Public education is under attack across Canada. The government in Newfoundland and Labrador has ended the freeze on tuition fees and reintroduced student loans instead of grants, while making cuts to Memorial University in its recent budget. In Nova Scotia, increases in government funding to Post-Secondary Education are capped at 1% (well below inflation), and universities are now allowed to increase tuition fees by more than 3% a year, with the excuse of making “market adjustments.” In Ontario, the Liberal government is committed to a Funding Formula Review, that will be disastrous unless students mobilize in a province that already has the highest tuition fees in the country. In Quebec, tuition fees are increasing with inflation while the Liberal government there cuts funding to university and CÉGEP education. In BC, where tuition fees were doubled in four years after they were deregulated a decade ago, the cuts have continued with per student funding remaining far below 2001 levels.
The list of attacks on public education continues in every province, with most provinces facing yearly increasing tuition fees. All governments, alongside their friends in the senior administration of colleges and universities, are pushing for academic and learning environments to be increasingly tied to the interests of big business.
The Trudeau Liberals have also continued colonialism in education by underfunding the Post-Secondary Student Support Program, forcing Indigenous students to not receive their treaty right to free education.

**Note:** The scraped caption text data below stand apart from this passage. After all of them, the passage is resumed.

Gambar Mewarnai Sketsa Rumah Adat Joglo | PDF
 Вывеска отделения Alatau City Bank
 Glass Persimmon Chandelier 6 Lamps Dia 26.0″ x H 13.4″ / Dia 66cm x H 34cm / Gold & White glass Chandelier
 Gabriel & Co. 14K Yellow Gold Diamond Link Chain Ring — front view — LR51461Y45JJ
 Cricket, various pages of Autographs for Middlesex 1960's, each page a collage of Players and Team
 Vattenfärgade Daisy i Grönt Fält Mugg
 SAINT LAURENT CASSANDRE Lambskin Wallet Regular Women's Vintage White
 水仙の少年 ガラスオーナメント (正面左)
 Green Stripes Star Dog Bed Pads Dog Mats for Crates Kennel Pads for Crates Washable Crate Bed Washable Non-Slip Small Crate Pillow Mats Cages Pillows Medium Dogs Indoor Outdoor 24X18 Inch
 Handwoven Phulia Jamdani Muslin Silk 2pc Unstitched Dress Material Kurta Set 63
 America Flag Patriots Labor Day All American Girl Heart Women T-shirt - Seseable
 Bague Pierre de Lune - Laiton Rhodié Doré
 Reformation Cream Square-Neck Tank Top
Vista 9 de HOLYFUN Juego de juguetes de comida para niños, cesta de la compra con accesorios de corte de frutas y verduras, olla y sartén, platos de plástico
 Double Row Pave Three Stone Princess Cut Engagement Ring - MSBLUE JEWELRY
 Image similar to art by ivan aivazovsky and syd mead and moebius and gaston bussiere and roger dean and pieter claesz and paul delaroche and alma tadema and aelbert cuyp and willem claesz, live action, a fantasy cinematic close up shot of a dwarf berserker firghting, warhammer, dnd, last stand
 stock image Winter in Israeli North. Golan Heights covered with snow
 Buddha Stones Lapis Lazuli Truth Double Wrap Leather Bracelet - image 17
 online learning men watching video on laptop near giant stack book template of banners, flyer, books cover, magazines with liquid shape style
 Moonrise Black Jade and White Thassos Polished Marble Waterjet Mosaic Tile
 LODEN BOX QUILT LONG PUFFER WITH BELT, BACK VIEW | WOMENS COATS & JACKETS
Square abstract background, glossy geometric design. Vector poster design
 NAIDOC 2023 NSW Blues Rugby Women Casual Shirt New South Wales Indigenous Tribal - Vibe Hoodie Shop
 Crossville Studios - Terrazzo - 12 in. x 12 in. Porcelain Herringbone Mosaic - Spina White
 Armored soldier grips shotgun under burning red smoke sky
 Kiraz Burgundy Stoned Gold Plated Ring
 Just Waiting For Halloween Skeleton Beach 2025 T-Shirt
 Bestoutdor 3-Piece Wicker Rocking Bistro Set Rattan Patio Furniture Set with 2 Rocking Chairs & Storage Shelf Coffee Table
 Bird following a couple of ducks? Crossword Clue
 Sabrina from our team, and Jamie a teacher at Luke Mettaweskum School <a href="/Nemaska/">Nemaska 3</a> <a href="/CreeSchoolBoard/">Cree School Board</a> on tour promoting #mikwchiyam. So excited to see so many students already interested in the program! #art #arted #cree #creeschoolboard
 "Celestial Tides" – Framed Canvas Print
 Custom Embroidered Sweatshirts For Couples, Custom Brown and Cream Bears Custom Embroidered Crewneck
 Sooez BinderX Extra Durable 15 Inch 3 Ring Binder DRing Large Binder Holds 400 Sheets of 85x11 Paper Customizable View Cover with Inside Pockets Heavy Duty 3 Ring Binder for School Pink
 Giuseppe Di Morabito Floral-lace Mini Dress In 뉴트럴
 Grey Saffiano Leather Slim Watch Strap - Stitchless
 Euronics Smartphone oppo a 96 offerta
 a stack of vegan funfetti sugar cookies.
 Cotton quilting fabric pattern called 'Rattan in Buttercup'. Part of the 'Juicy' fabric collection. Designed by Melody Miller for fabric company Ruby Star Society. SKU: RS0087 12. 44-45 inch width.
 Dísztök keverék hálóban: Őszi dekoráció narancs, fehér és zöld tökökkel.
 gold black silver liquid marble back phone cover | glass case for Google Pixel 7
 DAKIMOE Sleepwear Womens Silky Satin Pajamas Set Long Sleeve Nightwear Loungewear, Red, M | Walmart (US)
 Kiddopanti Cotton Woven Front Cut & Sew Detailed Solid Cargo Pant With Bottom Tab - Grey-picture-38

A Federal Post-Secondary Act, would enforce standards for public education to be set in all provinces. It would make private education illegal, meaning educational institutions could not accept money from private tuition fees or private donations. This act, must also respect the rights for Indigenous nations, Quebec, and Acadia, to have self-determination over their own management of institutions and curriculum of education, while providing adequate public funding.
We have seen pockets of important mobilizations across Canada. Recently, students showed solidarity with teaching assistants and sessionals on strike for a living wage at UofT and York, the I Am a Student Movement at UBC built momentum against increases to residence fees and international student fees, the Quebec student movement alongside CÉGEP teachers has been combatting budget cuts, and in Newfoundland and Labrador, a mass movement is growing against austerity, with students playing a key role.”
We are not only notifying you of this event, but also urging you in join us in expressing our solidarity, emotions, voices and hands to bring to light this pressing issue. We are students, not ATMS.
This rally will be happening on November 2nd from 12–1 PM, starting at the Flagpole by the Rose Garden and finishing off by the Nest to listen to some leaders, organizers and passionate social justice warriors expressing their views on conditional educational systems.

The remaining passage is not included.